(Saved entries)
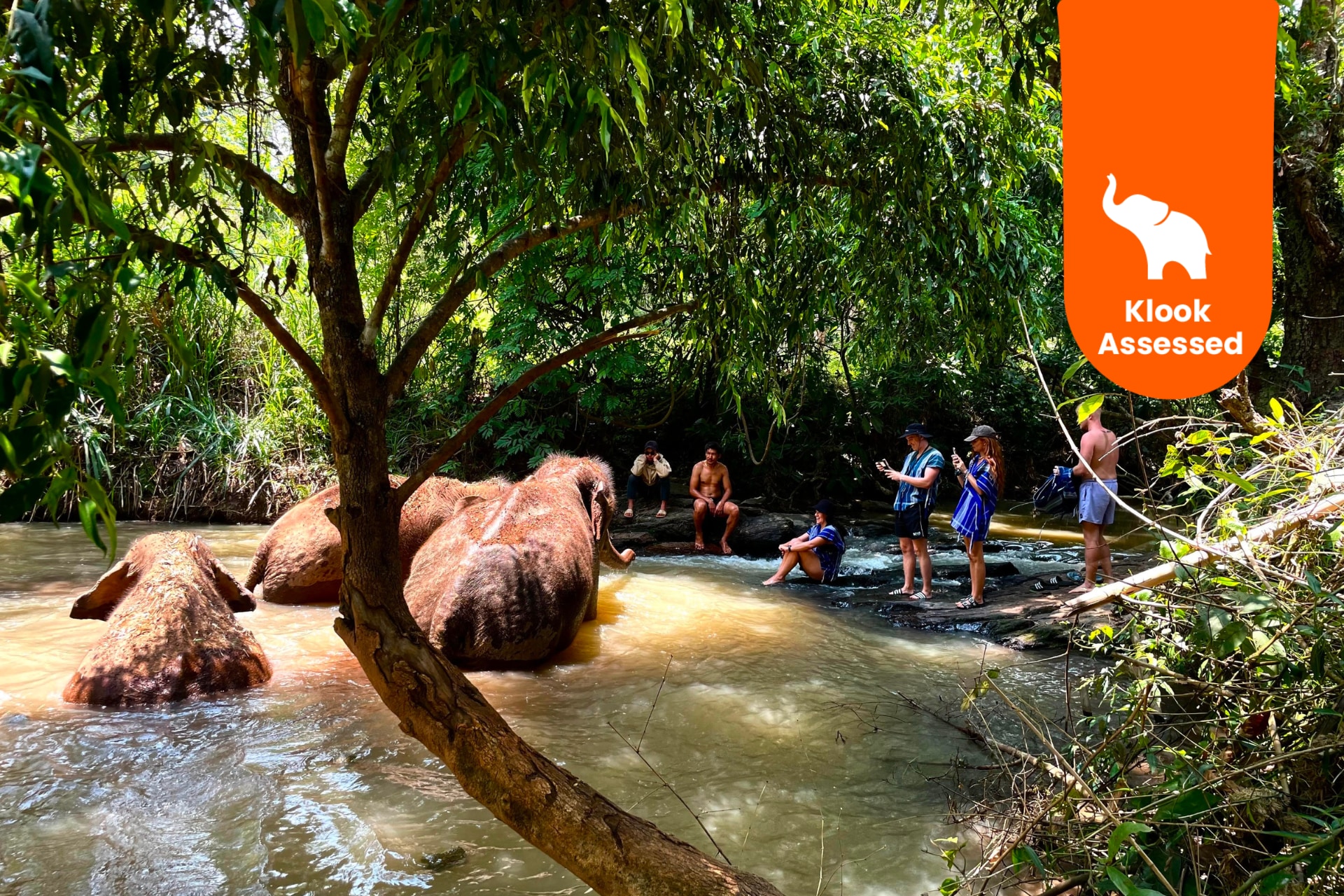 清迈大象保护区（Elephant Dream Project提供）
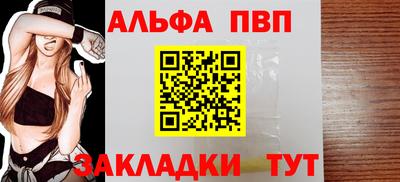 apvp Кингисепп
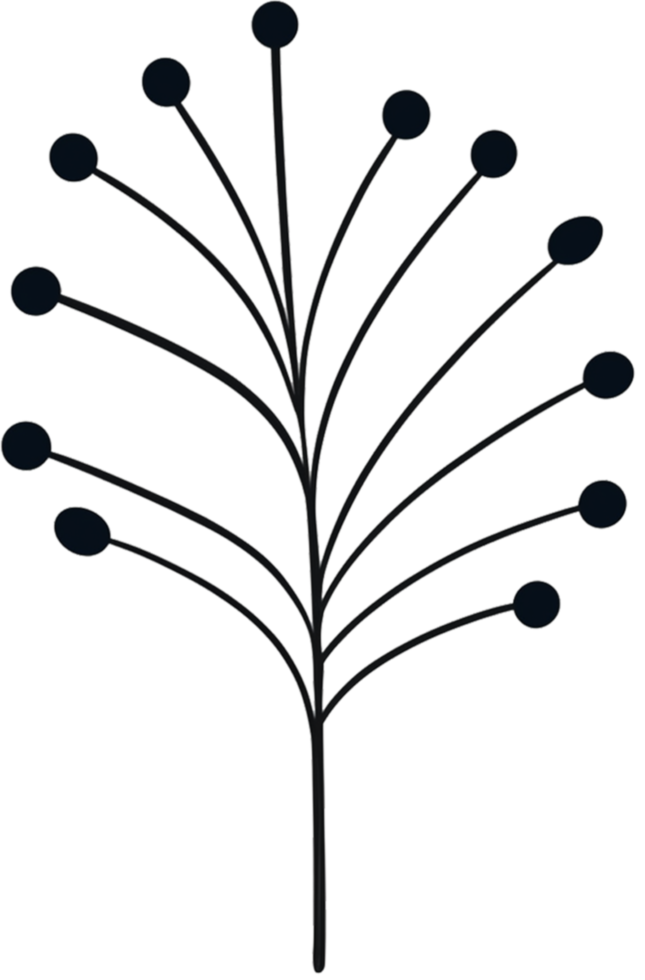 minimalist leaves free png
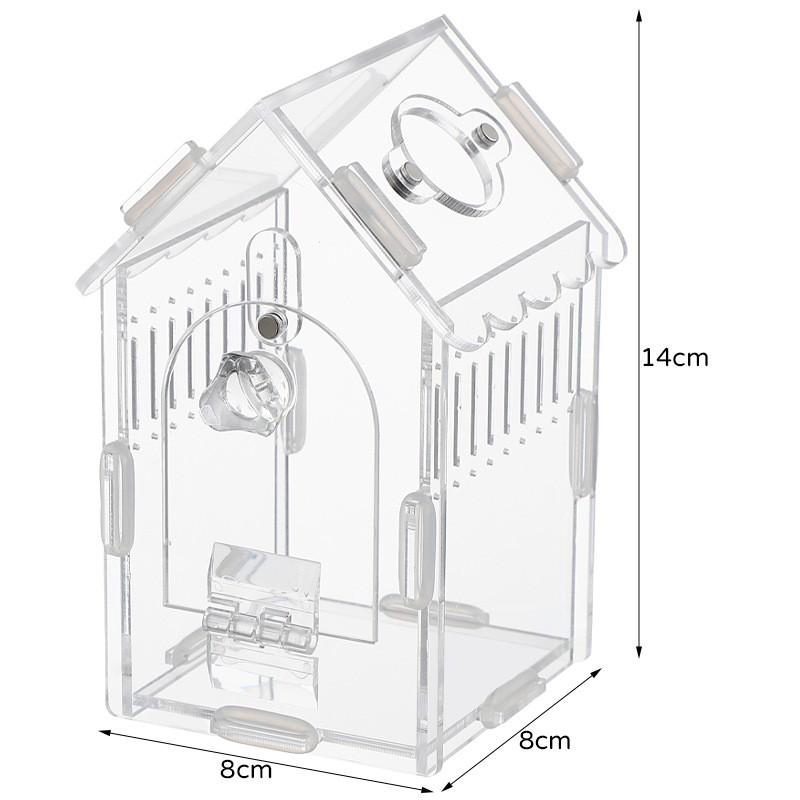 Acrylic Transparent Reptile Habitat Box Tarantulas Geckos Lizards Frogs Insects Terrarium Display Cage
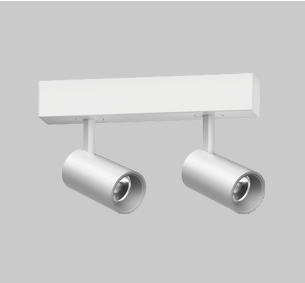 đèn downlight thanh rọi 2 đầu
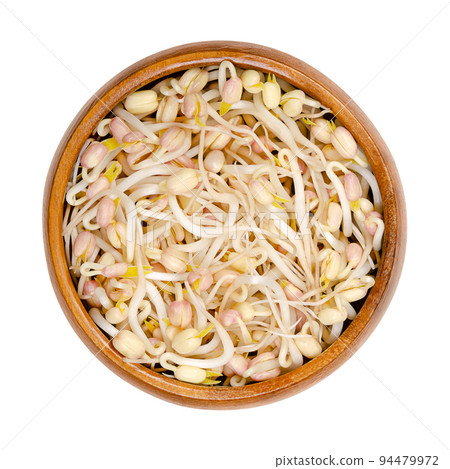 Mung bean sprouts in a wooden bowl. Vegetable, grown by sprouting mung beans, Vigna radiata, also known as green gram, maash, monggo or munggo. Isolated, from above, on white background, food photo. Mung bean sprouts in a wooden bowl. Vegetable, grown by sprouting mung beans, Vigna radiata, also known as green gram, maash, monggo or munggo. Isolated, from above, on white background, food photo. 94479972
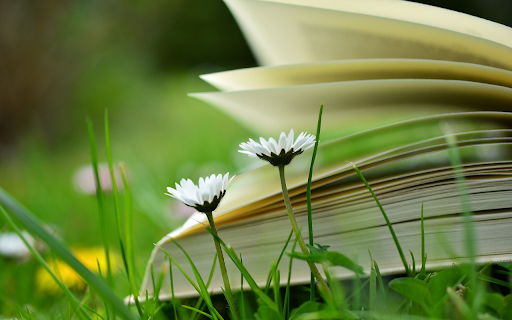 The wind turns the pages of the book  from Chrome web store to be run with OffiDocs Chromium online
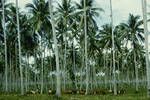 Cattle in coconut plantation, Milne Bay, [Papua New Guinea], 1958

→ WHAT IS REQUIRED
Repeat the entries exactly, without pictures.

→ TASK RESULT
 清迈大象保护区（Elephant Dream Project提供）
 apvp Кингисепп
 minimalist leaves free png
 Acrylic Transparent Reptile Habitat Box Tarantulas Geckos Lizards Frogs Insects Terrarium Display Cage
 đèn downlight thanh rọi 2 đầu
 Mung bean sprouts in a wooden bowl. Vegetable, grown by sprouting mung beans, Vigna radiata, also known as green gram, maash, monggo or munggo. Isolated, from above, on white background, food photo. Mung bean sprouts in a wooden bowl. Vegetable, grown by sprouting mung beans, Vigna radiata, also known as green gram, maash, monggo or munggo. Isolated, from above, on white background, food photo. 94479972
 The wind turns the pages of the book  from Chrome web store to be run with OffiDocs Chromium online
 Cattle in coconut plantation, Milne Bay, [Papua New Guinea], 1958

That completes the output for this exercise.